Science Projects And Inventions

Powered Loom

The dramatic rise of the textiles industry in Britain was one of the most important aspects of the world's first Industrial Revolution. Machines had been spinning yarn rapidly and effectively since the 1760s, but the mechanization of weaving did not take hold properly until after 1810. It began when Edmund Cartwright (1743-1823) patented the first powered loom in 1785.
Handlooms had become commonplace by the eighteenth century. They are relatively slow, and each one requires at least one person's full attention. In its basic form, a powered loom is simply a mechanized, automated version of a handloom. It can produce cloth faster than a handloom, and a single person can watch several or many machines.
Power for Cartwright's looms was originally supplied by waterwheels, via a drive shaft and belts and gears.
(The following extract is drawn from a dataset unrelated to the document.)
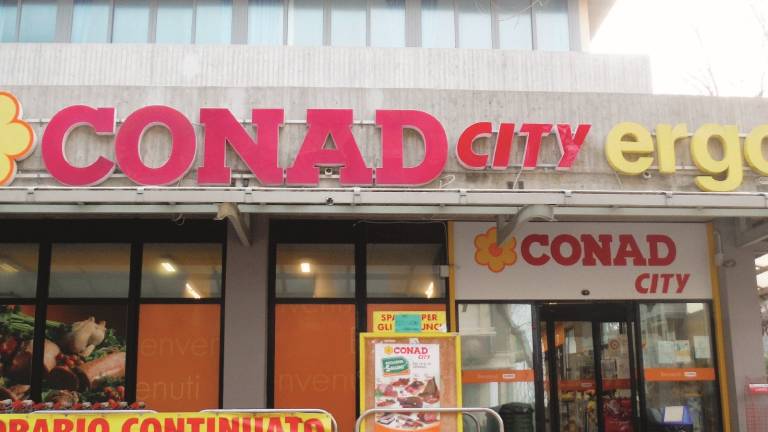 Pistola alla testa di un cliente rapinano il Conad Ergon Pistola alla testa di un cliente rapinano il Conad Ergon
But steam power increasingly took the place of waterpower during the nineteenth century, because steam-powered factories could be built anywhere, not only next to a river.
The weaving process is repetitive, lending itself well to mechanization. But many things can go wrong, as Cartwright discovered after he opened his own textiles factory in Doncaster. He quickly found solutions to many of the problems and was granted several patents between 1785 and 1792. Many other inventors made improvements, too, and by the middle of the nineteenth century, there were nearly 300,000 powered looms in use in Britain alone.